You need to plan for snow storage. A good rule of thumb is to set aside 20% to 30% of your total plowed area just for stacking snow. If you have a 1,000-square-foot driveway, you need 200 to 300 square feet of "dead space" to put the snow.

Don't put the pile:
• Blocking your sightlines: You need to be able to see traffic when you pull out, not a 6-foot wall of ice.
• Against the house: When that pile melts, it’s going straight into your basement.
Rule #2: The "Plow Zone" is No Place for Evergreens
I see this heartbreak all the time. A homeowner plants a gorgeous row of Arborvitae or Boxwoods right along the edge of the driveway to look "statuesque." By March, they look like they went 12 rounds in a boxing match and lost.
Why? Two reasons:
1. The Weight: Evergreens hold onto snow. When the plow pushes heavy, wet slush against them, they splay open, crack, or snap.
2. The Salt: Salt spray from the road and driveway hits the foliage, drying it out and turning it brown—a nasty condition called winter burn.
The Solution: Plant "Quitters" In the "plow zone" (the first few feet off the driveway), you want plants that know when to quit. Use perennials that die back to the ground in the fall, like Hostas or Daylilies.
Because these plants are dormant and underground during winter, they don’t care if I stack 4 feet of snow on top of them.

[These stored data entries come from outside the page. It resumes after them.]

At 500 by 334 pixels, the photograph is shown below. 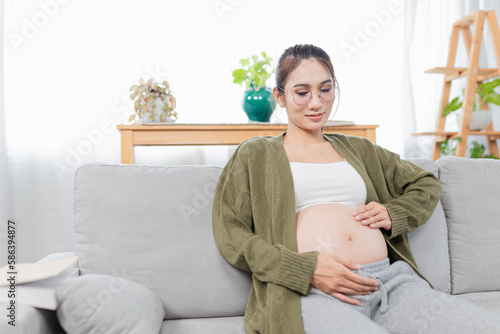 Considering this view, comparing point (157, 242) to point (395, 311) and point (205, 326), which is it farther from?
point (395, 311)

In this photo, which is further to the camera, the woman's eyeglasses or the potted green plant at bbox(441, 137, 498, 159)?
the potted green plant at bbox(441, 137, 498, 159)

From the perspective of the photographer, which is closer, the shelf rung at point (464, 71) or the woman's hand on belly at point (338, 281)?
the woman's hand on belly at point (338, 281)

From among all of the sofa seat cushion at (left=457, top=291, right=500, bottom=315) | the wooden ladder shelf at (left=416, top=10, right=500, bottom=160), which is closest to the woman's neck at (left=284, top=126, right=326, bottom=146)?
the sofa seat cushion at (left=457, top=291, right=500, bottom=315)

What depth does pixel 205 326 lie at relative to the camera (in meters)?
1.20

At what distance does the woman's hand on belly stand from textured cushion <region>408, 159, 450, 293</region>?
0.39m

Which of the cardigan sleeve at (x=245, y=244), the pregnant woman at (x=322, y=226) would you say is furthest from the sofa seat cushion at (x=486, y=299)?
the cardigan sleeve at (x=245, y=244)

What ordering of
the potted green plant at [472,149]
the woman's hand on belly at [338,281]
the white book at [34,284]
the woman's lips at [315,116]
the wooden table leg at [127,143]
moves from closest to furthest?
the white book at [34,284] → the woman's hand on belly at [338,281] → the woman's lips at [315,116] → the wooden table leg at [127,143] → the potted green plant at [472,149]

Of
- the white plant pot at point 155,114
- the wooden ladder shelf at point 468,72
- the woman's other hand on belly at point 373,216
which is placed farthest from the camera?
the wooden ladder shelf at point 468,72

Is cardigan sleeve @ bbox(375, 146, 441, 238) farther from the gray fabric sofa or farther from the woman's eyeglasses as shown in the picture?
the woman's eyeglasses

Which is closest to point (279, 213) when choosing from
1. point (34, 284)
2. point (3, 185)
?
point (34, 284)

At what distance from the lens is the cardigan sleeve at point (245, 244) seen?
109 cm

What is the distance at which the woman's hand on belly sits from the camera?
1086 mm

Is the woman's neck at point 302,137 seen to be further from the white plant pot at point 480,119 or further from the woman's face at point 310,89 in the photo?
the white plant pot at point 480,119

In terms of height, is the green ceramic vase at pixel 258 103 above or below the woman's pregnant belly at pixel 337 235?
above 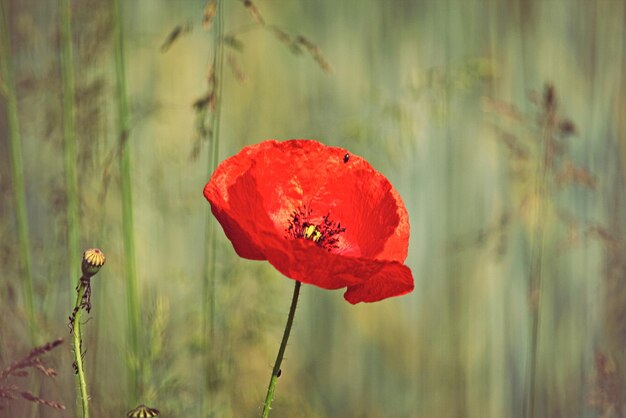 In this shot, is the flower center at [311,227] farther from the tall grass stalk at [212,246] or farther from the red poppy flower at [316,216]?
the tall grass stalk at [212,246]

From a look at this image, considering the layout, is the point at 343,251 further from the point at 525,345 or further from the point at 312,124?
the point at 525,345

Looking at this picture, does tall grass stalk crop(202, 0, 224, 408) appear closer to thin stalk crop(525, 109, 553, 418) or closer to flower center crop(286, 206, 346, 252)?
flower center crop(286, 206, 346, 252)

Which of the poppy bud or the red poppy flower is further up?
the red poppy flower

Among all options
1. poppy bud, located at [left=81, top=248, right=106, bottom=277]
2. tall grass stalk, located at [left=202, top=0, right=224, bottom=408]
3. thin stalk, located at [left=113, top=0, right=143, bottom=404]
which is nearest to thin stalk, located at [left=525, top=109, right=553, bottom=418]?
tall grass stalk, located at [left=202, top=0, right=224, bottom=408]

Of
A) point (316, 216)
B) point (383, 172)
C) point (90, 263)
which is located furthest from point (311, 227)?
point (383, 172)

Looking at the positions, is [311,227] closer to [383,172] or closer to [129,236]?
[129,236]

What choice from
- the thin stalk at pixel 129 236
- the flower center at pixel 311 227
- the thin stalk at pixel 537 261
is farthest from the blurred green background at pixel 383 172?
the flower center at pixel 311 227

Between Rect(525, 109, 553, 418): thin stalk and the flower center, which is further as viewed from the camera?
Rect(525, 109, 553, 418): thin stalk

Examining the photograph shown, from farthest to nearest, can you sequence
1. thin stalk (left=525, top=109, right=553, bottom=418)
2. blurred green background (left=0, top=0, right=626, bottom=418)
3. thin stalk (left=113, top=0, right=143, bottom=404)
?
blurred green background (left=0, top=0, right=626, bottom=418)
thin stalk (left=525, top=109, right=553, bottom=418)
thin stalk (left=113, top=0, right=143, bottom=404) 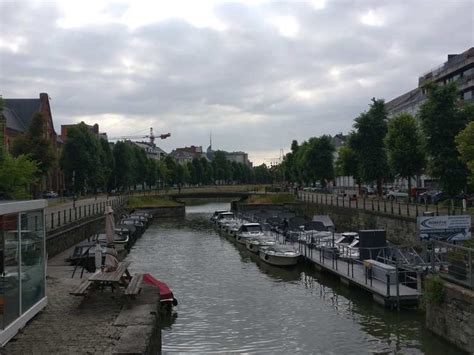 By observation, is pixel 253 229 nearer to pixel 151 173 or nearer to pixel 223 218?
pixel 223 218

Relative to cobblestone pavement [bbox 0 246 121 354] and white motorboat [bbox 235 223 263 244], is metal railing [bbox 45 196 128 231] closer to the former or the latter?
white motorboat [bbox 235 223 263 244]

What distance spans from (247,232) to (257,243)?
26.5 feet

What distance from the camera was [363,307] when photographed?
24016mm

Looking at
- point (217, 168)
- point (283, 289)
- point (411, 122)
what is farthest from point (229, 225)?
point (217, 168)

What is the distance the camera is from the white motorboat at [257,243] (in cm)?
4091

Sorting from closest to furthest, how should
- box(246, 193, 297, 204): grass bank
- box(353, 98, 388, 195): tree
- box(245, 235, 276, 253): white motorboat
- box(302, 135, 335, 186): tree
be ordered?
box(245, 235, 276, 253): white motorboat < box(353, 98, 388, 195): tree < box(246, 193, 297, 204): grass bank < box(302, 135, 335, 186): tree

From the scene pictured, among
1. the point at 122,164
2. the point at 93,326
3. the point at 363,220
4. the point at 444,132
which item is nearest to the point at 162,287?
the point at 93,326

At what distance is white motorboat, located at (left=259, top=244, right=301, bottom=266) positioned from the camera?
35.3 metres

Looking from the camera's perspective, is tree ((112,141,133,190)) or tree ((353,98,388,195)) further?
tree ((112,141,133,190))

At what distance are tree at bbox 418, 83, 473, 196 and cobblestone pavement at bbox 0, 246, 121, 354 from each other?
1286 inches

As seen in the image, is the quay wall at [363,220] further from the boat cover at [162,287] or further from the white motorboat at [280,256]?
the boat cover at [162,287]

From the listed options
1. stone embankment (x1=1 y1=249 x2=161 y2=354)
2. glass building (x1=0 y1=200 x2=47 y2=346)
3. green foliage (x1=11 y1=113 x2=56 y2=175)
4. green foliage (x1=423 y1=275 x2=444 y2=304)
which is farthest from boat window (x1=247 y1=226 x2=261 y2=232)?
glass building (x1=0 y1=200 x2=47 y2=346)

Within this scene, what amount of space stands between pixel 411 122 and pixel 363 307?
3695 centimetres

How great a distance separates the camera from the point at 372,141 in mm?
67125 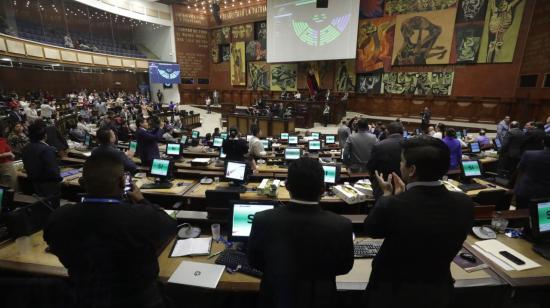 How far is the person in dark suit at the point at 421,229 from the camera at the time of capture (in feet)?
4.92

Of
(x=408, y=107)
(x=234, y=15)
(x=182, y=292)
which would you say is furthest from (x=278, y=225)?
(x=234, y=15)

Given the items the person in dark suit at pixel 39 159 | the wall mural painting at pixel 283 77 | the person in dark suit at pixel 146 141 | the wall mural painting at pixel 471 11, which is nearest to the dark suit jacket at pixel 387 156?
the person in dark suit at pixel 146 141

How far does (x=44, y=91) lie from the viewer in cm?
1648

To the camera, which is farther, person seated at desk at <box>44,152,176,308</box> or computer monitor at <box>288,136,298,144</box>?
computer monitor at <box>288,136,298,144</box>

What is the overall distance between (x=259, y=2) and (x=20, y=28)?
15075mm

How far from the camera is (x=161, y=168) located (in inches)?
175

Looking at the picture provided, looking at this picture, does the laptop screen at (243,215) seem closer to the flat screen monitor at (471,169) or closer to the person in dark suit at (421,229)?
the person in dark suit at (421,229)

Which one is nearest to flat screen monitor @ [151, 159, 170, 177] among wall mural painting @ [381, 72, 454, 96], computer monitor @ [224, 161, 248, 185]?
computer monitor @ [224, 161, 248, 185]

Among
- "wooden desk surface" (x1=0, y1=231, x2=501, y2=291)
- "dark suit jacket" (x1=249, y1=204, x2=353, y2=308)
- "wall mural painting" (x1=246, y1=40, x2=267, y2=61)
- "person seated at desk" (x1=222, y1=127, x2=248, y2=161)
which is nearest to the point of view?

In fact, the snow acts as an insulator! When spring comes, the snow melts, and your hostas pop up fresh and undamaged. It’s nature’s perfect loophole.
Rule #3: Stake It Before You Break It
This is the easiest way to save your lawn (and my sanity). Before the first flake falls, mark your driveway boundaries with reflective stakes.
When everything is covered in white, the line between "Driveway" and "Expensive Kentucky Bluegrass" becomes invisible. Those stakes tell the plow driver (whether that’s me or you) exactly where to drop the blade. It prevents us from accidentally peeling back your sod like a carpet.
Design smart now, and you won’t be glueing branches back onto your bushes in April.